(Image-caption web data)
====================

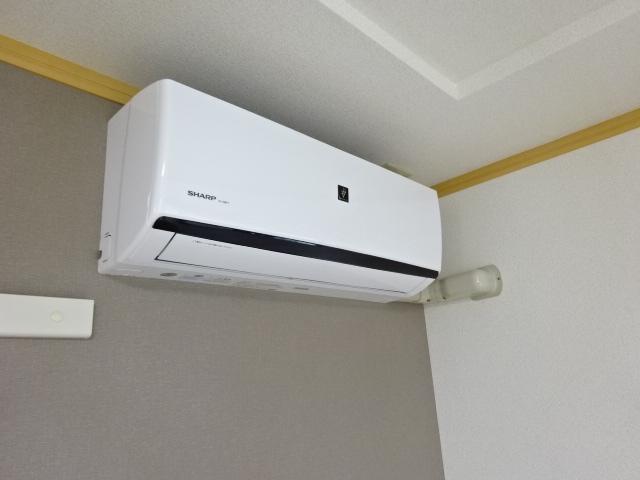 拡大写真:グランチェスタ 1階105のエアコン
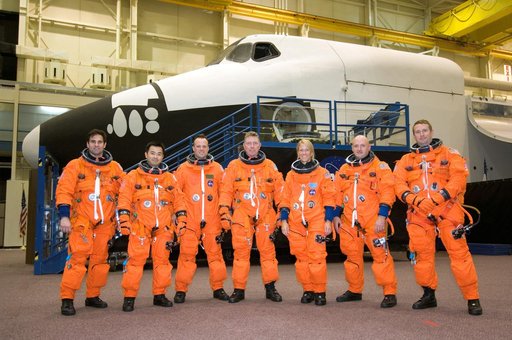 STS-124 egress payload training.Bldg.9,FFT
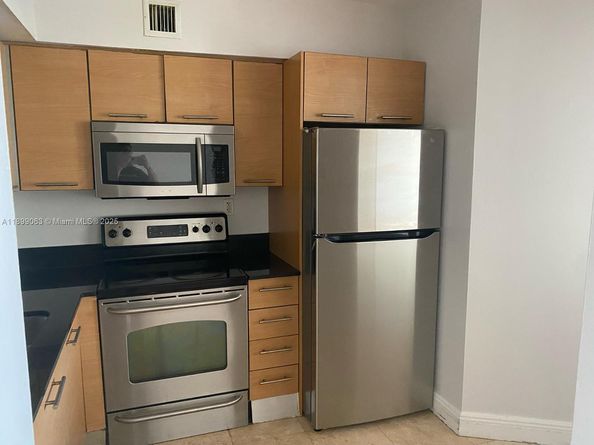 3300 NE 191st St 416, Aventura FL 33180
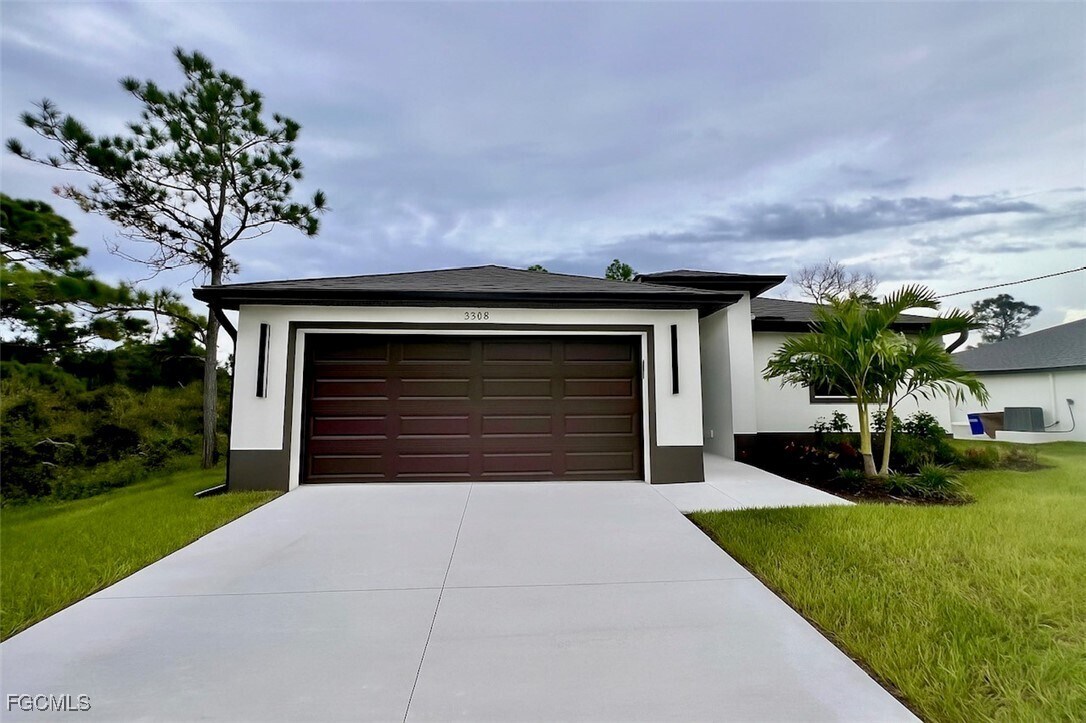 Foto principal - 3208 66th St W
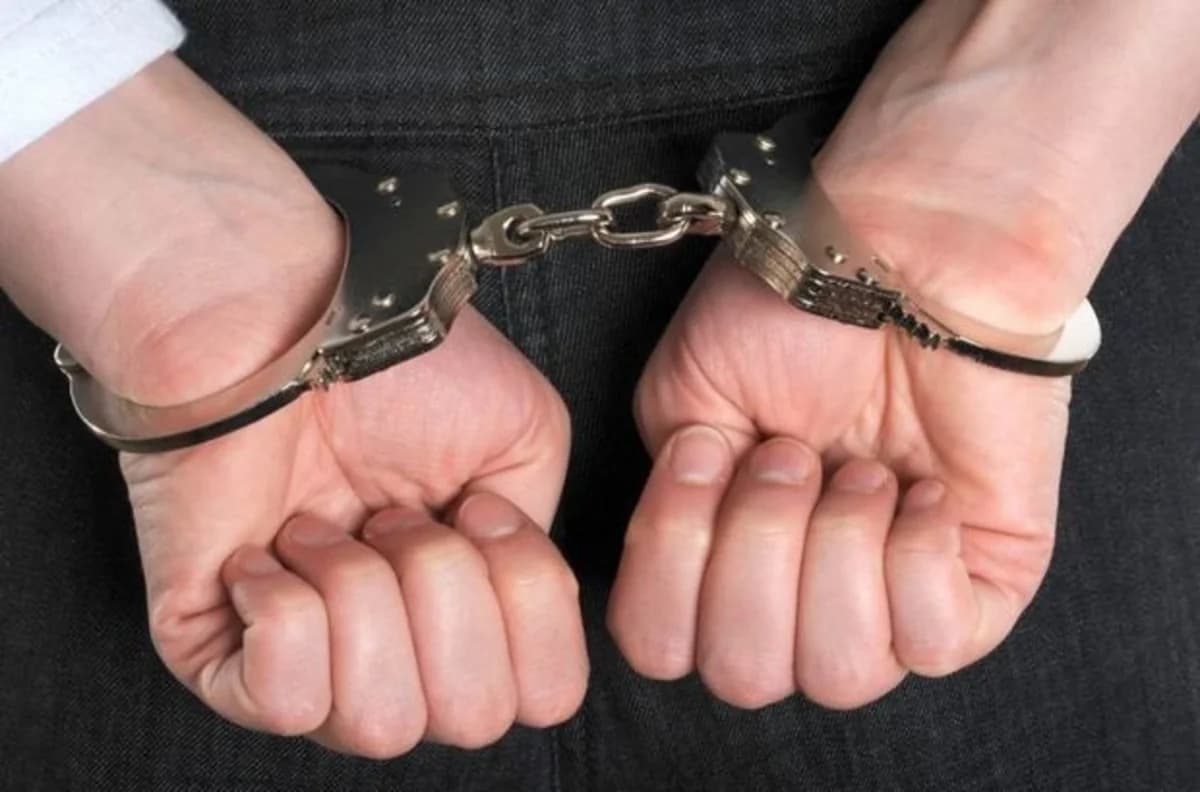 Sabunçuda evdən 6300 dollar oğurlandı - Saxlanılan var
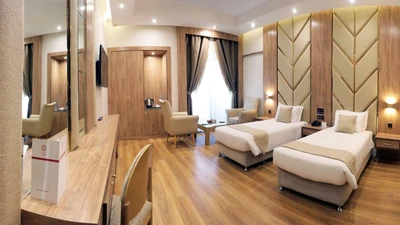 Pardisan Hotel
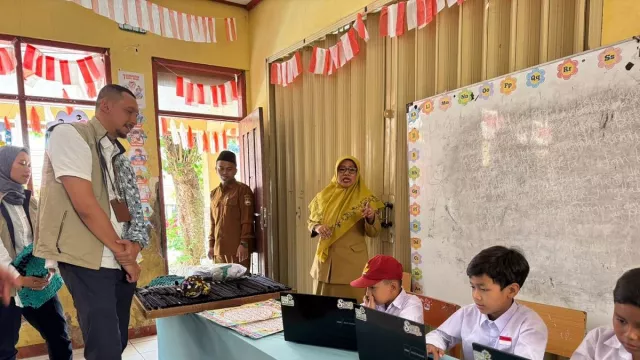 Dukung Pendidikan Berkualitas, PLN Bantu Perbaikan Sekolah di Bandung Barat - GenPI.co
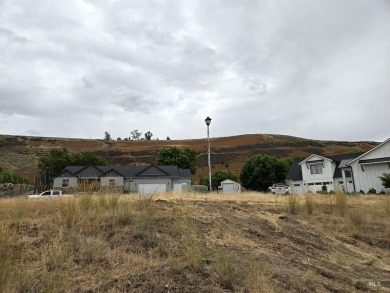 One of the last building lots available on the street in this on Lewiston Golf and Country Club in Idaho - for sale on GolfHomes.com, golf home, golf lot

====================

_Assigned task_:
Give again, word for word, the lines above from the one with "3300 NE 191st St 416, Aventura FL 33180" through the final line of the data, both ends included. Do not copy any picture.

_Answer_:
 3300 NE 191st St 416, Aventura FL 33180
 Foto principal - 3208 66th St W
 Sabunçuda evdən 6300 dollar oğurlandı - Saxlanılan var
 Pardisan Hotel
 Dukung Pendidikan Berkualitas, PLN Bantu Perbaikan Sekolah di Bandung Barat - GenPI.co
 One of the last building lots available on the street in this on Lewiston Golf and Country Club in Idaho - for sale on GolfHomes.com, golf home, golf lot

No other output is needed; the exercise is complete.